*** Block opens ***

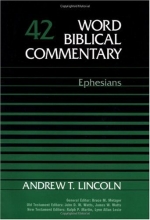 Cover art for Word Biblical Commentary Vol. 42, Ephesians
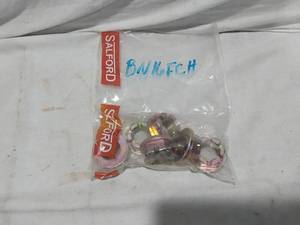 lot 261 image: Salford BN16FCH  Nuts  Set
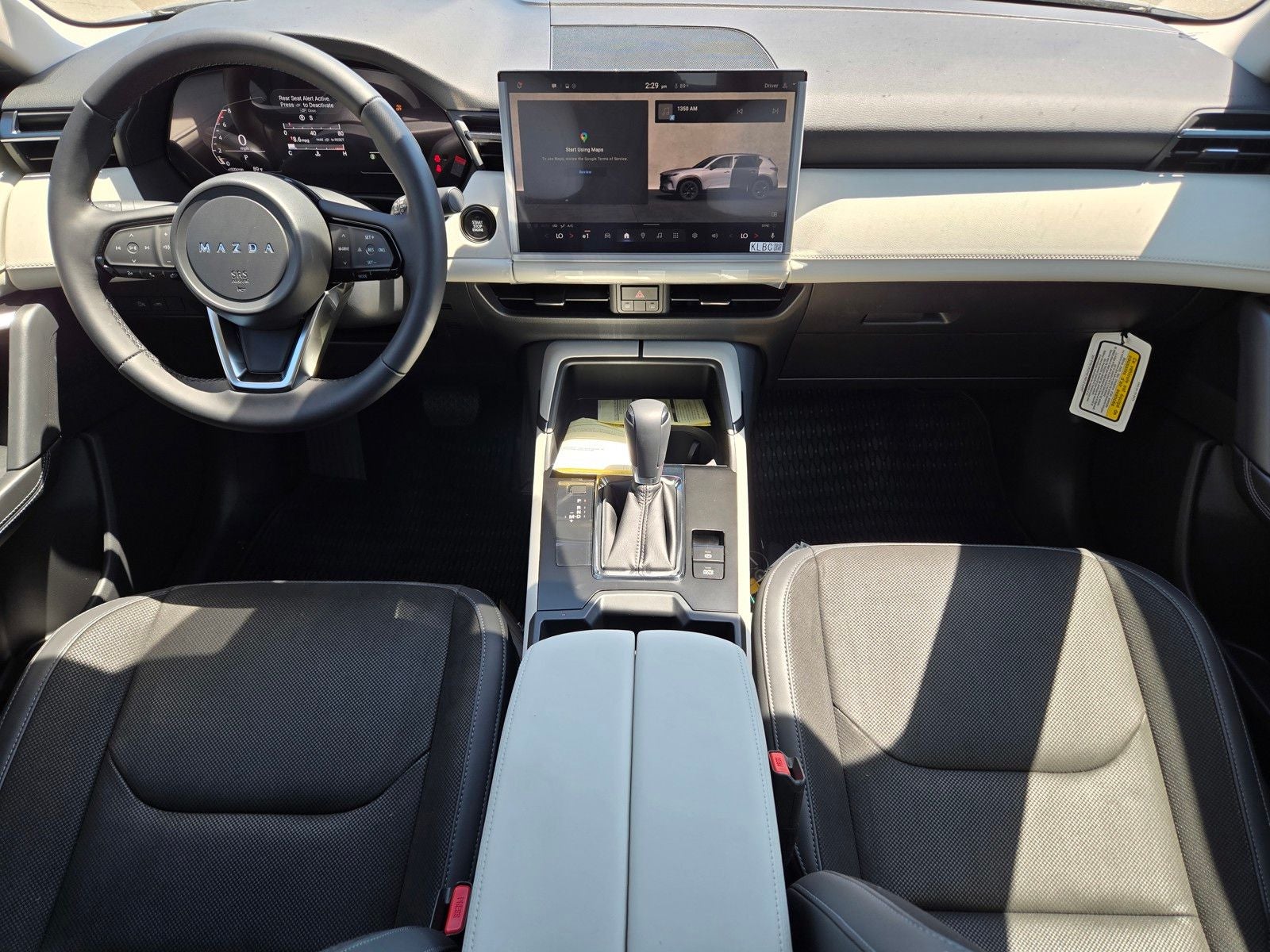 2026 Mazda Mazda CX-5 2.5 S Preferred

*** Block closes ***
*** Block opens ***

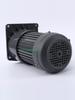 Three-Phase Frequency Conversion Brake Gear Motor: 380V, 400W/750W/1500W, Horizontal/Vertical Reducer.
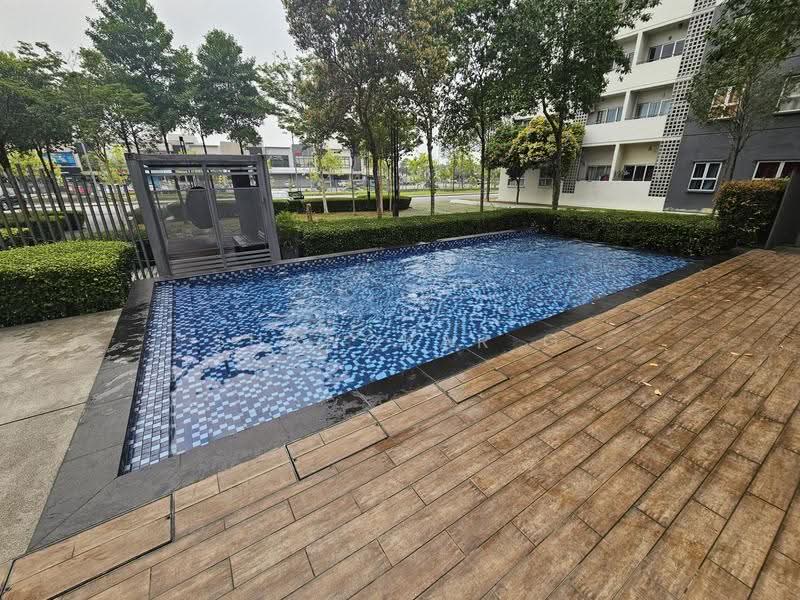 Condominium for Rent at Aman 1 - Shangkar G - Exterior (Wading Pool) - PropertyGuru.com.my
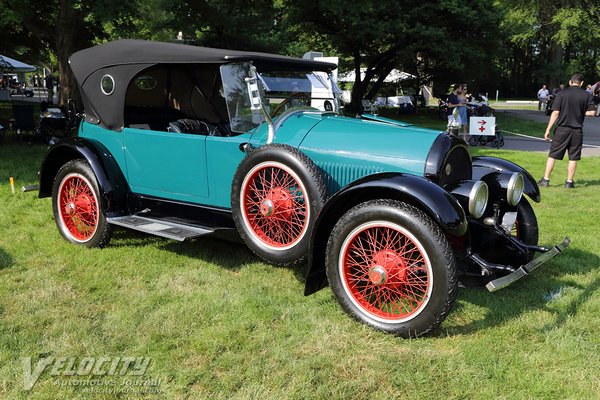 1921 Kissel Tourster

*** Block closes ***
*** Block opens ***

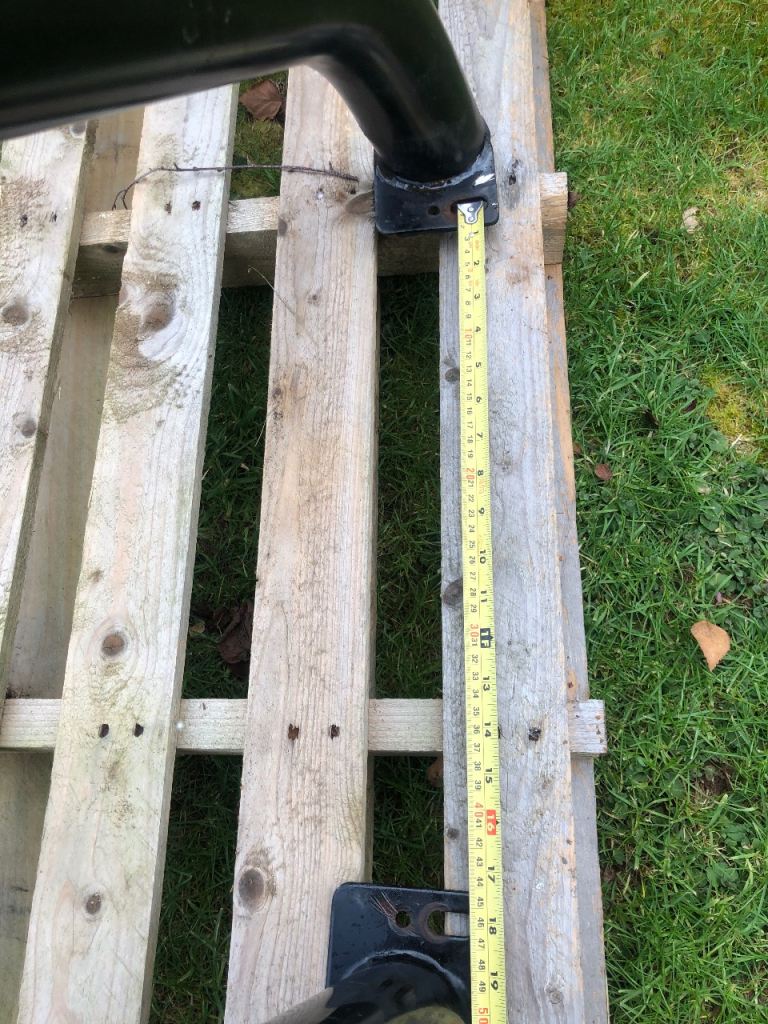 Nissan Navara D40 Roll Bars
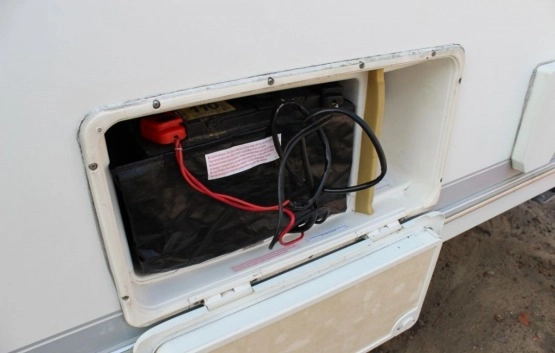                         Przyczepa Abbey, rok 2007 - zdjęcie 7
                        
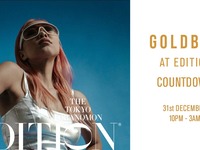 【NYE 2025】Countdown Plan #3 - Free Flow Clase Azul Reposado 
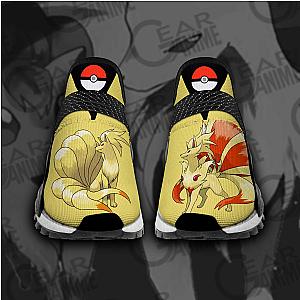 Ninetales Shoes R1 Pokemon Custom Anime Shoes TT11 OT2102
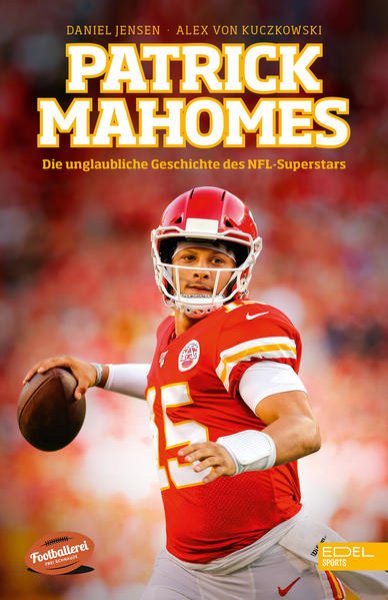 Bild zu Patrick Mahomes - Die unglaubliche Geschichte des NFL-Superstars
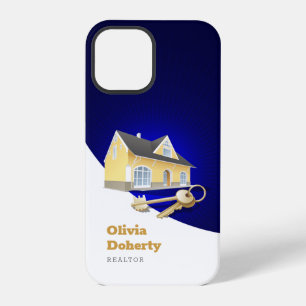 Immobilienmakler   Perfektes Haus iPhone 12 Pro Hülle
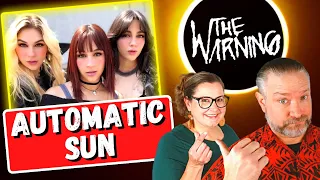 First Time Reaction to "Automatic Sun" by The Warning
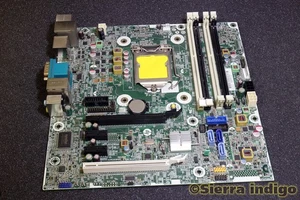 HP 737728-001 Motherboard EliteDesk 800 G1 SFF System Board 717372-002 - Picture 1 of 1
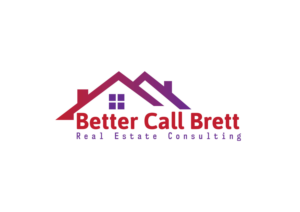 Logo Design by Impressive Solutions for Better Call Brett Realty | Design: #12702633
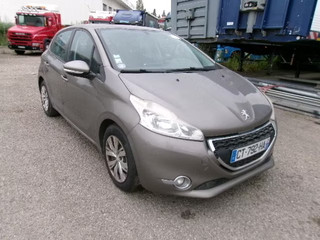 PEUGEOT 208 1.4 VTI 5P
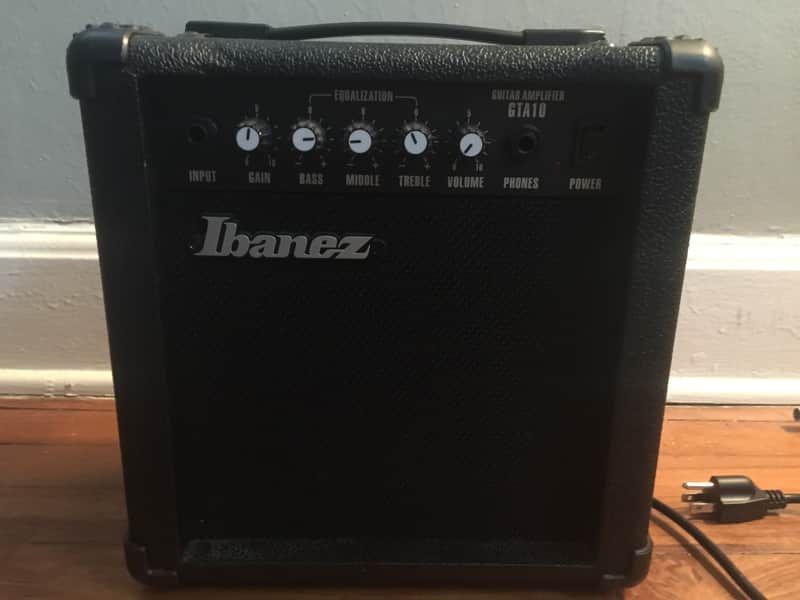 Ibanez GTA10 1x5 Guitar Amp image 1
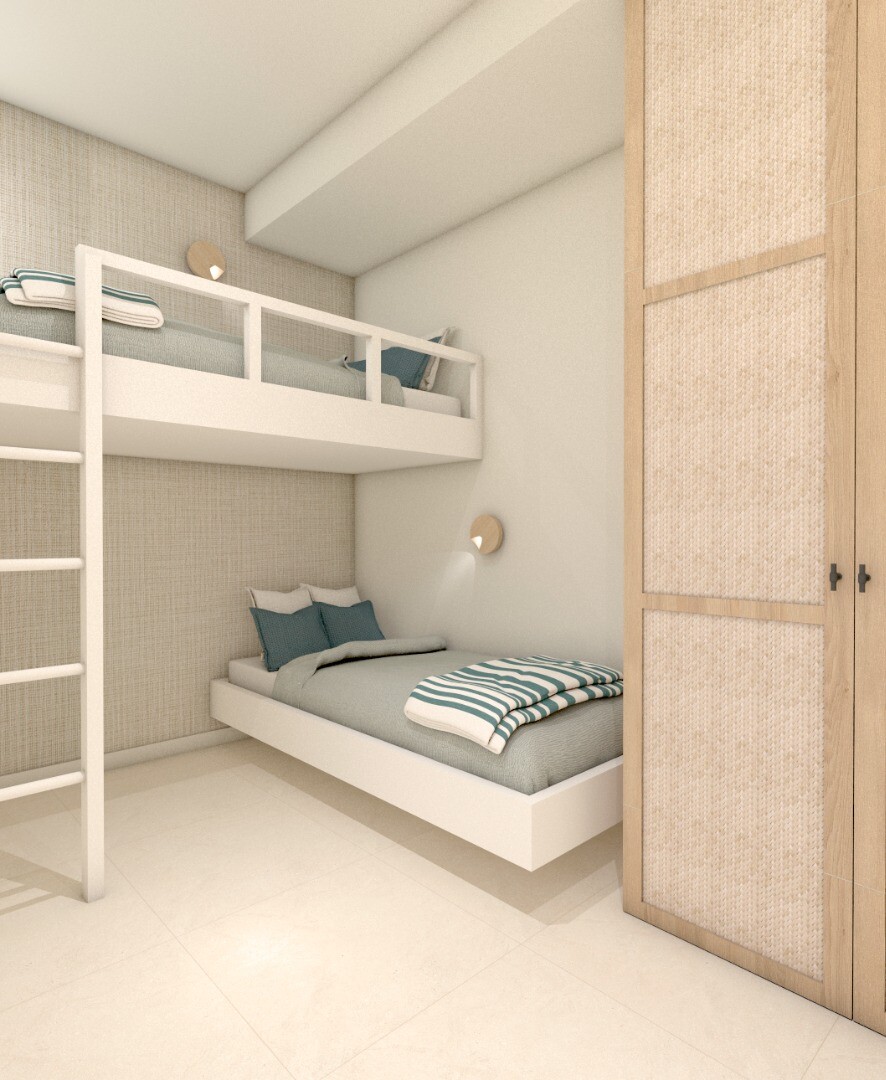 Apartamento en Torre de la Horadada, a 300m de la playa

*** Block closes ***

**Problem details**
Using the entries above, reproduce word for word only the lines from the one that contains "HP 737728-001 Motherboard" to the one that contains "Apartamento en Torre", both ends included, and drop every picture.

**Your response**
 HP 737728-001 Motherboard EliteDesk 800 G1 SFF System Board 717372-002 - Picture 1 of 1
 Logo Design by Impressive Solutions for Better Call Brett Realty | Design: #12702633
 PEUGEOT 208 1.4 VTI 5P
 Ibanez GTA10 1x5 Guitar Amp image 1
 Apartamento en Torre de la Horadada, a 300m de la playa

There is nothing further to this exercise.